Dataset excerpts
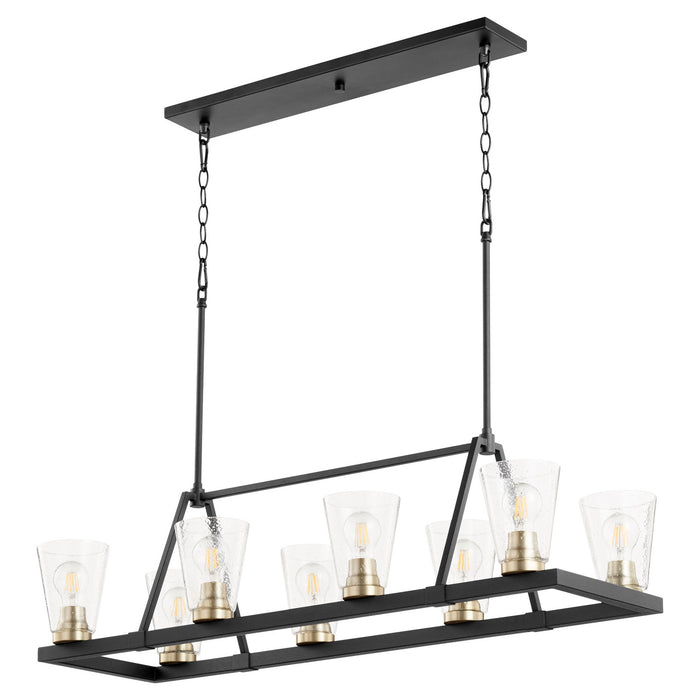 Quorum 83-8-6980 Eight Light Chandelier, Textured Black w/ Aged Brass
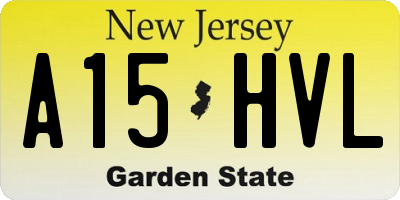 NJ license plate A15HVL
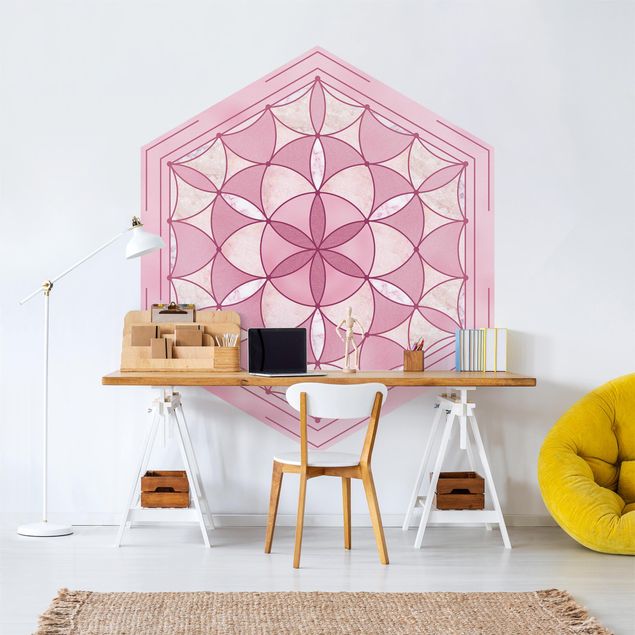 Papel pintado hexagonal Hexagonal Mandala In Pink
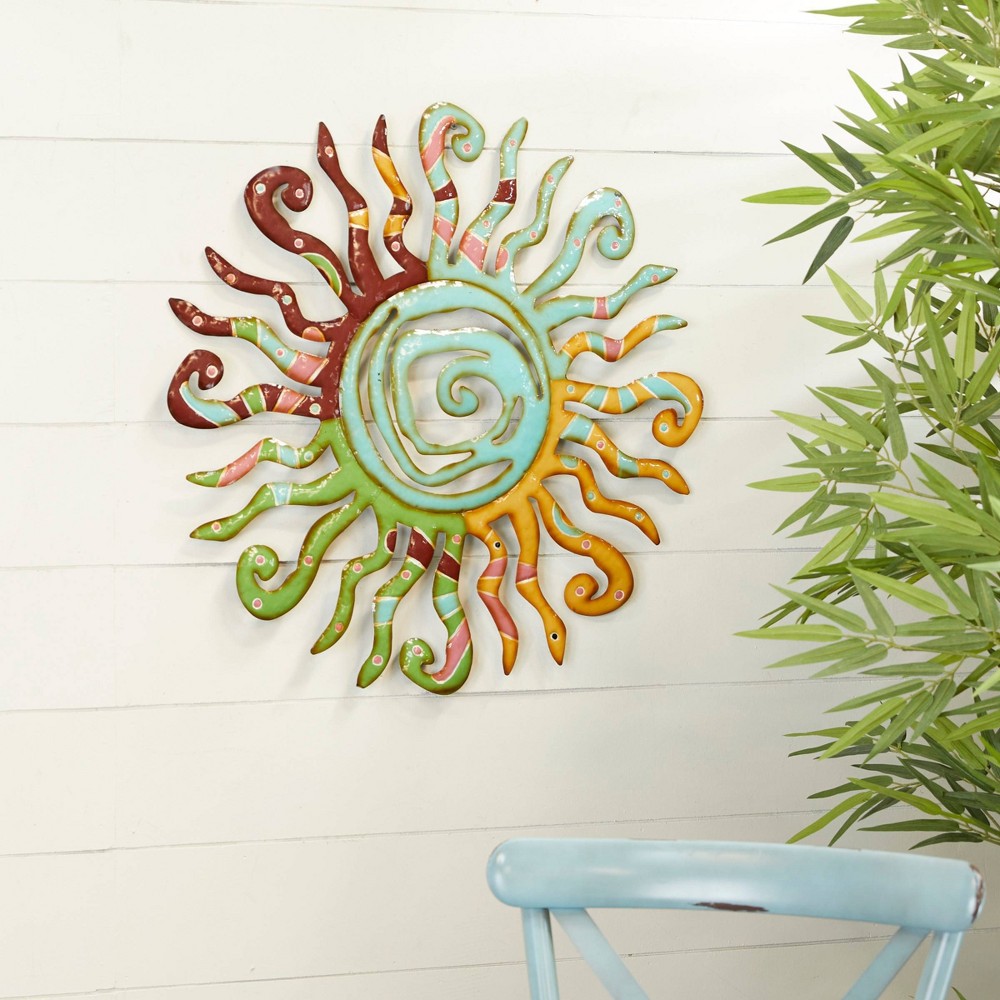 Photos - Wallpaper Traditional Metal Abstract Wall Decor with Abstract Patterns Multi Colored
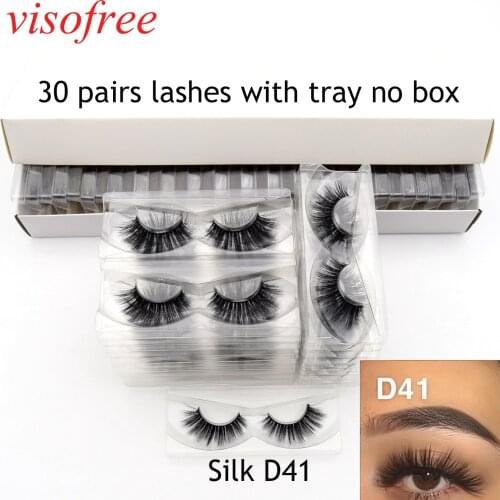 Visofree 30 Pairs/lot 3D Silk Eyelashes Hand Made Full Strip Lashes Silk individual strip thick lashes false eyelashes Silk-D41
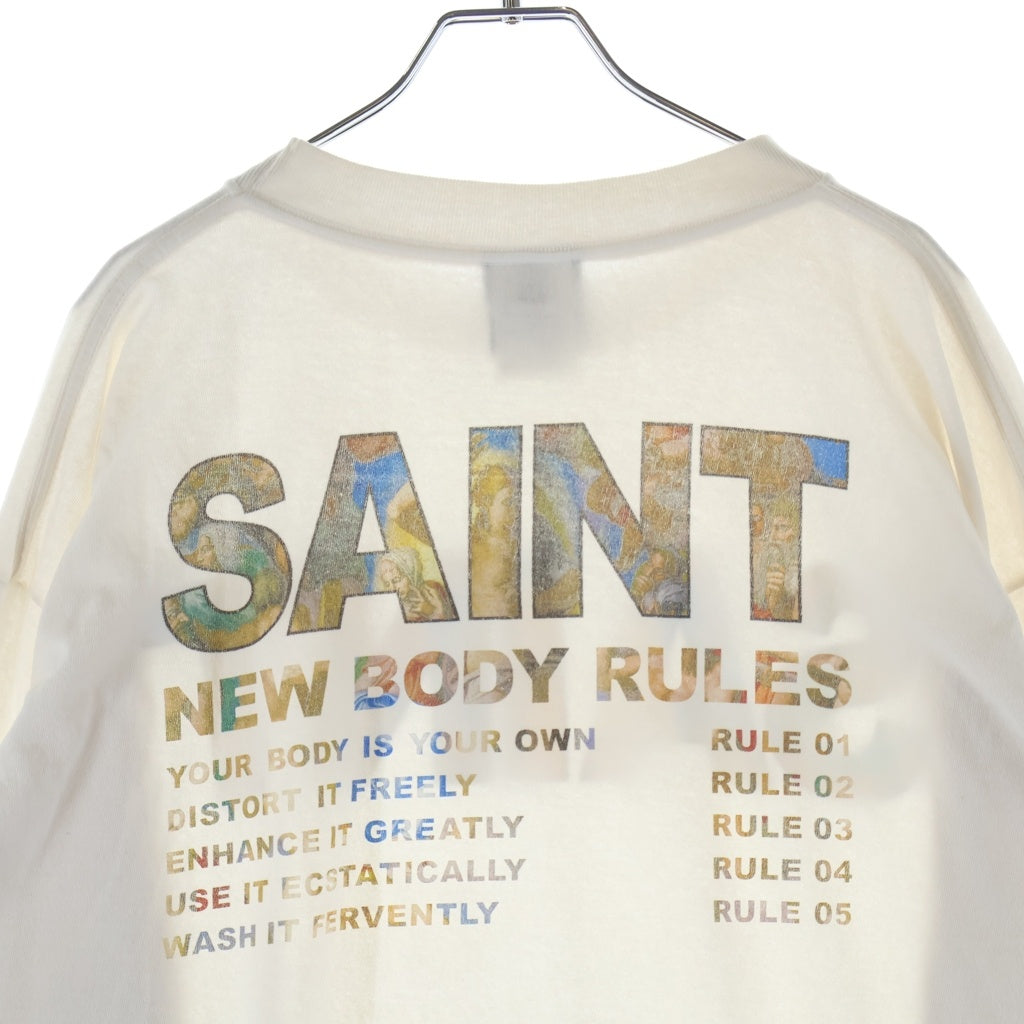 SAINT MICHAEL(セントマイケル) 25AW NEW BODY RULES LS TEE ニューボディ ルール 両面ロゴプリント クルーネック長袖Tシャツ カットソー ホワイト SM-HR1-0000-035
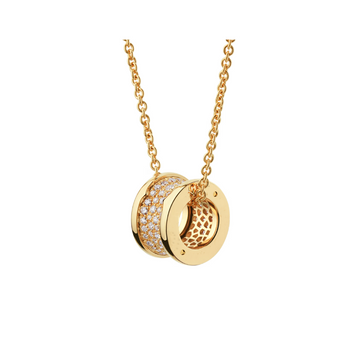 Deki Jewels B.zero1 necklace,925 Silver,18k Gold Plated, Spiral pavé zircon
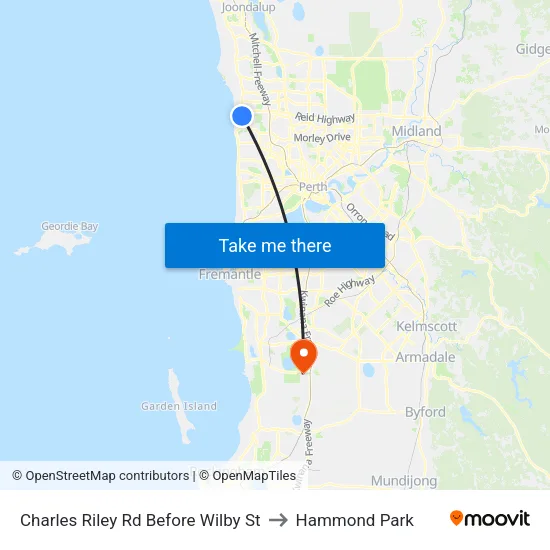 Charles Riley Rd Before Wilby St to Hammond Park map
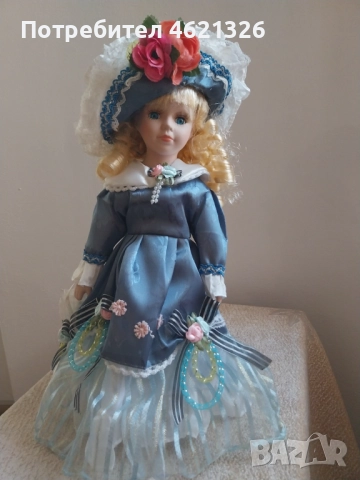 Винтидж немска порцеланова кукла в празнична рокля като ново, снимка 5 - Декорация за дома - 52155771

_THE PROBLEM_
Without carrying over any picture, write out the entries above once more, exactly.

_OUTPUT FOR THIS TASK_
 Quorum 83-8-6980 Eight Light Chandelier, Textured Black w/ Aged Brass
 NJ license plate A15HVL
 Papel pintado hexagonal Hexagonal Mandala In Pink
 Photos - Wallpaper Traditional Metal Abstract Wall Decor with Abstract Patterns Multi Colored
 Visofree 30 Pairs/lot 3D Silk Eyelashes Hand Made Full Strip Lashes Silk individual strip thick lashes false eyelashes Silk-D41
 SAINT MICHAEL(セントマイケル) 25AW NEW BODY RULES LS TEE ニューボディ ルール 両面ロゴプリント クルーネック長袖Tシャツ カットソー ホワイト SM-HR1-0000-035
 Deki Jewels B.zero1 necklace,925 Silver,18k Gold Plated, Spiral pavé zircon
 Charles Riley Rd Before Wilby St to Hammond Park map
 Винтидж немска порцеланова кукла в празнична рокля като ново, снимка 5 - Декорация за дома - 52155771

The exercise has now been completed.